Starting with the line that contains "東大阪市寿町、新築一戸建ての画像です", copy each line exactly through the end of the listing, and omit all pictures.

Supplied information:
------------------------------------------------
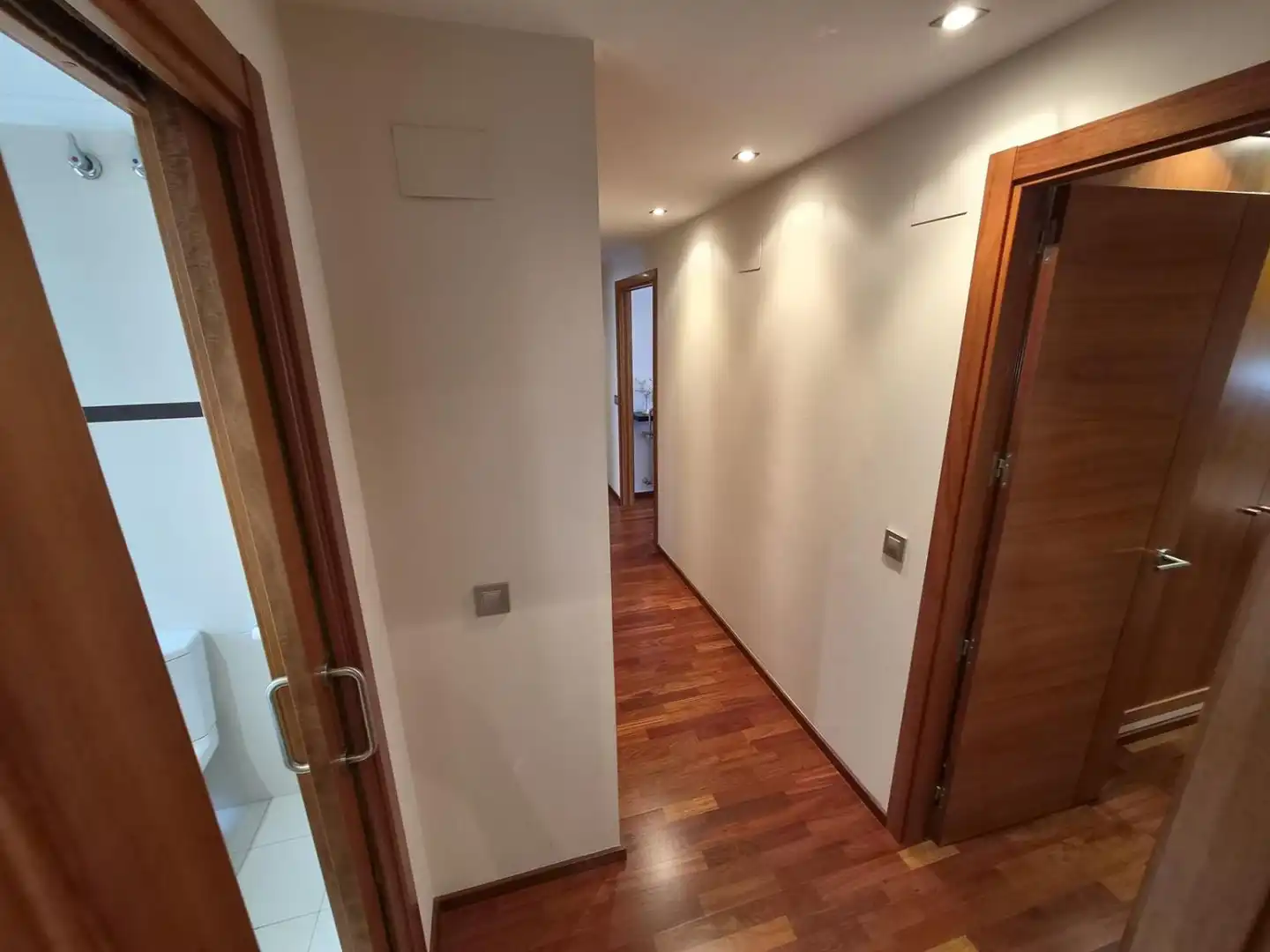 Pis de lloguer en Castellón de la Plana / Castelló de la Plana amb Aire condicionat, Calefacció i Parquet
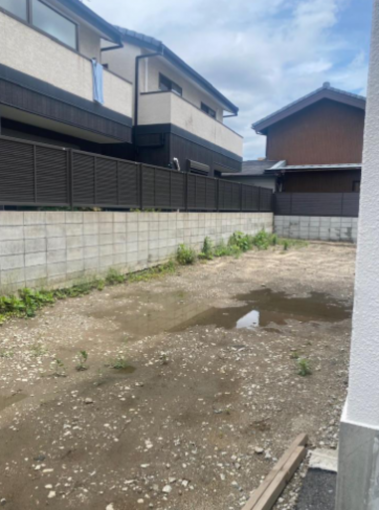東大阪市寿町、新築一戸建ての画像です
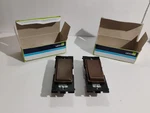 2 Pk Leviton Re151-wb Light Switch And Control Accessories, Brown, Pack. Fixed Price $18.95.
------------------------------------------------
Exercise result:
東大阪市寿町、新築一戸建ての画像です
 2 Pk Leviton Re151-wb Light Switch And Control Accessories, Brown, Pack. Fixed Price $18.95.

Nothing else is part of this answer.